I think he will have to just submit to th ignition interlock device and deal with it.


----------



## Herrdoktor (Jun 23, 2010)

So if you your license is revoked in MA for two years, but you move to another state that time freezes until you come back?

That's dumb.


----------



## Herrdoktor (Jun 23, 2010)

mtc said:


> Actually - it's revoked until you pay your reinstatement fee$ !!
> 
> This IS MA !!


I love my home state, but it's so fucking stupid.

Side note: I'm actually in RI right now visiting my brother* and somehow this state is even more corrupt and stupid. The State police is poaching the 18 wheelers going over the River on I-95 near Warwick. That shit is a $3,000 fine. Ridiculous.

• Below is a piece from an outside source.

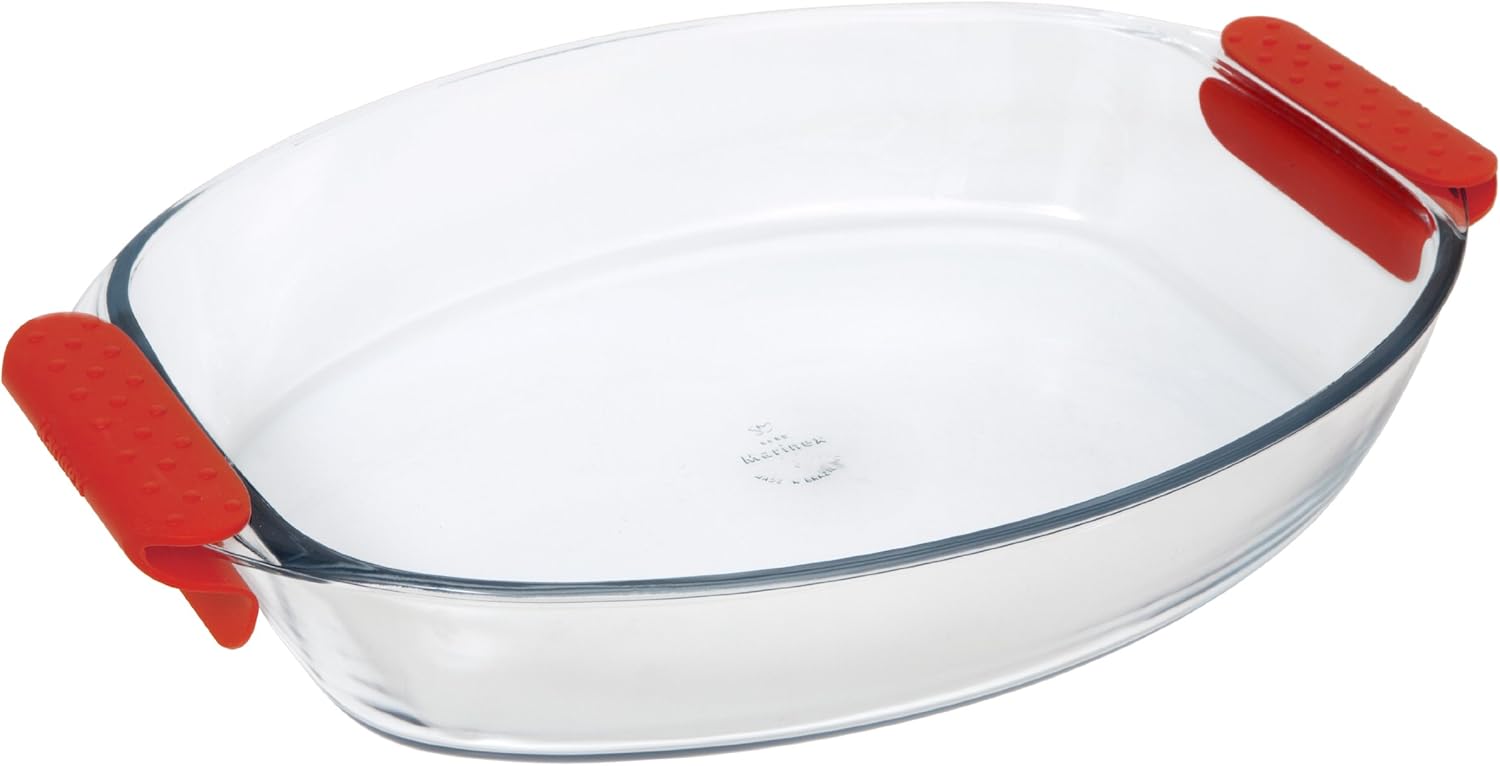 Marinex Prediletta Large Oval Glass Roaster with Red Silicone Handles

* - Haven't worked the street in 3 weeks. It's been amazing


----------



## Guest (May 31, 2011)

Herrdoktor said:


> Side note: I'm actually in RI right now visiting my brother* and somehow this state is even more corrupt and stupid. The State police is poaching the 18 wheelers going over the River on I-95 near Warwick. That shit is a $3,000 fine. Ridiculous.


If the RISP is on I-95 in Rhode Island, how exactly is that "poaching"?


----------



## Herrdoktor (Jun 23, 2010)

Delta784 said:


> If the RISP is on I-95 in Rhode Island, how exactly is that "poaching"?


Assigning a State Trooper(s) to collect $3000 tickets on one bridge is poaching imo. I have seen local guys sitting in the same two spots as well.

I'm sure those officers/troopers can be a better service to their state elsewhere.


----------



## Herrdoktor (Jun 23, 2010)

mtc said:


> Not to mention - there's a bridge down there the trucks aren't allowed to go over in the first place. :redcarded:


Instead the 18 wheelers have to take an assinine detour that clogs up the secondary roads.

How about this? Fix the fucking bridge and stop charging $3000 going over a bridge on the main East Coast interstate artery?


----------



## Guest (May 31, 2011)

Herrdoktor said:


> Instead the 18 wheelers have to take an assinine detour that clogs up the secondary roads.
> 
> How about this? Fix the fucking bridge and stop charging $3000 going over a bridge on the main East Coast interstate artery?


How about the truckers just obey the law and not use the bridge?

A few years ago I was harangued at a community meeting about cars going the wrong-way on a one-way street to use it as a shortcut. So, for the next couple of weeks, I sat on the street and hammered people with CMVI's, and guess what? Most of the people lived in the area, including some that were at the meeting...."But I live here".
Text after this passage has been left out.